Veo en una esquina las formas, enmarcadas en blanco y negro. El pelo
recogido, siguiendo la continuidad de las curvas, tan fluídas que
recuerdan a las reglas de dibujo de formas tan extrañas que usaba en el
colegio. El ambiente es denso, tormentoso, fresco y mientras suena la
melodía desgarrada y torrencial de fondo, se compone un cuadro
diferente, extremo, dentro de la aparente normalidad.
Las nubes cargadas, oscuras, enredadas con el sonido tórrido, las
formas voluptuosas y serenas, el aire revuelto y fresco, generan una
amalgama con una química especial. Una química que nadie a mi alrededor
parece observar, absortos y concentrados en salir los primeros del
semáforo, del metro, en la parada del autobús, en el quiosco o en el
bar. La absurda competencia de la ciudad por no perder un segundo choca
con ese océano de calmas intensas que confluyen a través de mi mirada.

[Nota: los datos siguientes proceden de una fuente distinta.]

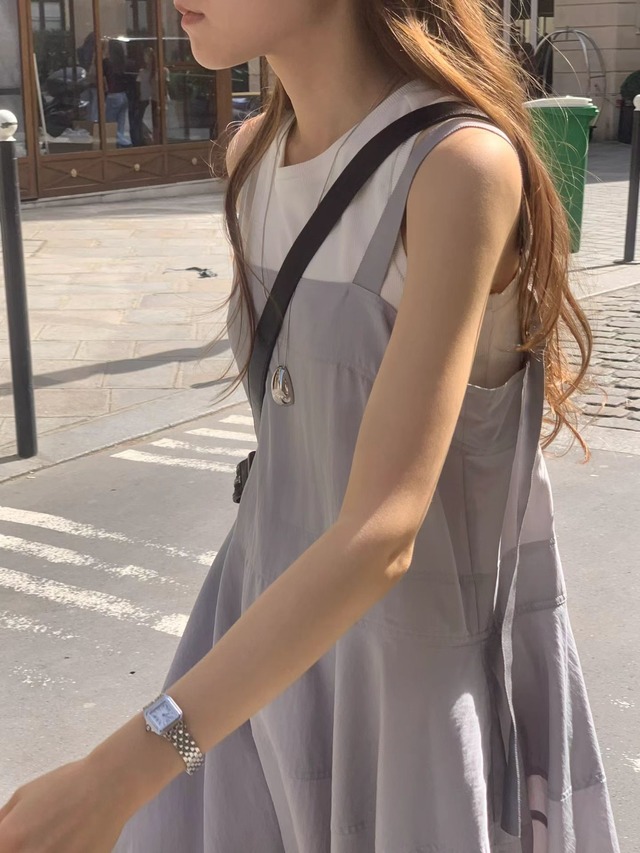 (OUNCE) square belt  onepiece /  2color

Girl in black, tortuosa, visceral, al ritmo de una mañana con color
otoñal, me trae un reflejo de desespero vagando el ocaso por las calles
de París como una alegoría mía, al tiempo que el frescor del aire del
Retiro hoy no trae el acostumbrado sabor dulzón de las mañanas
calurosas, aplacando en parte la sensación de esa inevitable
descomposición que el paso de cada día modula imperceptiblemente, al
tiempo que se esbozan los estragos que desembocan en una figura ya casi
ce patriarca varado. Por delante de mí pasa una mujer imponente,
espléndida, a la que la falta de estilo con ese inapropiado vestido de
veinteañera le hace mostrar de un modo más acusado las diferencias entre
lo que fue y aún infantilmente pretende ser.
Suspiro, aliviado, de saber que mi decadencia no está subrayada por
la negación de querer ser lo que fui. Aunque en esencia, en pura esencia
entre extremos, el brillo de la mirada a veces me diga que sí.